Exercise requirements: The answer must consist solely of the lines from the line with "Dear viewers, I" to the end of the data below, transcribed exactly and with no pictures.

Supplied records:
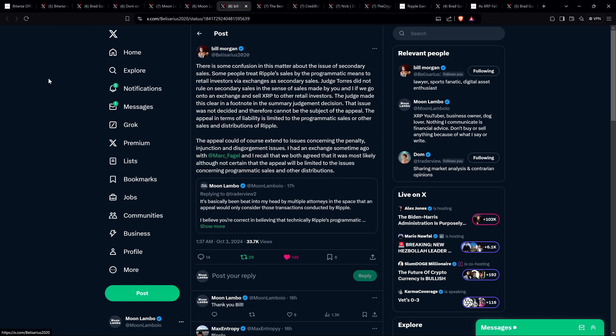Judge Torres did not rule on secondary sales in the sense of sales made by you and I if we go onto an exchange and sell XRP to other retail investors. The judge made this clear in a footnote in the summary judgment decision. That issue was not decided and therefore cannot be the subject of appeal. There you go—that is the key point. Transactions that people, regular people like you and I make on an exchange, were not the subject of this lawsuit. It wasn't decided on by Judge Torres, so there's nothing to appeal. You can't appeal what wasn't even a part of the final decision. She didn't say anything about it, therefore the SEC literally cannot appeal because there's no decision there. The legal status of XRP does not change, period.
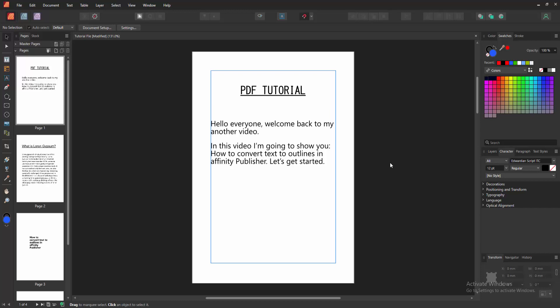Assalamualaikum, hello friends, how are you? Welcome back to my another video. In this video I am going to show you how to convert text to outlines in Affinity Publisher. Let's get started. Firstly we have to open Affinity Publisher document.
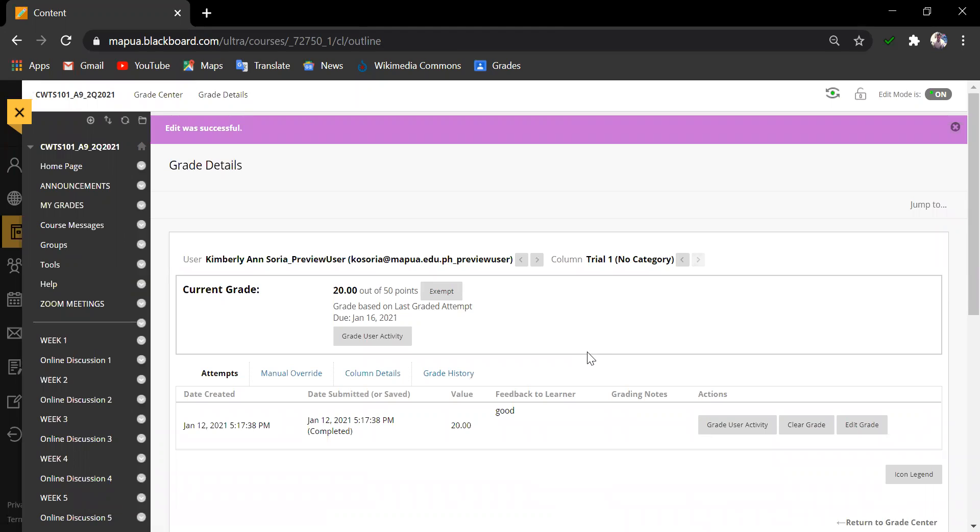Now, that is how you create an assignment, provide feedback, input grades, and upload documents for faculty researcher inside Turnitin Originality in Blackboard.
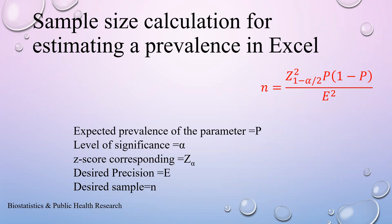Assalamu alaikum, welcome to a new presentation on sample size calculation. Today I would like to estimate a sample size for estimating the prevalence of an outcome. Generally we use this type of procedure for cross-sectional surveys.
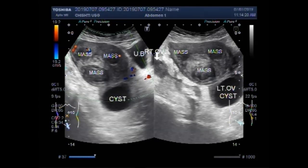Dear viewers, I hope you are all fine. This ultrasound video shows multiple uterine masses and an ovarian cyst.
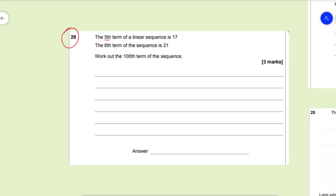On question 29, the fifth term of a linear sequence is 17 and the sixth term is 21. We need to work out the 100th term of the sequence. To find the 100th term, the easiest approach is to find the nth term formula first. We find it by looking at the difference between the two consecutive terms.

Reply:
Dear viewers, I hope you are all fine. This ultrasound video shows multiple uterine masses and an ovarian cyst.
On question 29, the fifth term of a linear sequence is 17 and the sixth term is 21. We need to work out the 100th term of the sequence. To find the 100th term, the easiest approach is to find the nth term formula first. We find it by looking at the difference between the two consecutive terms.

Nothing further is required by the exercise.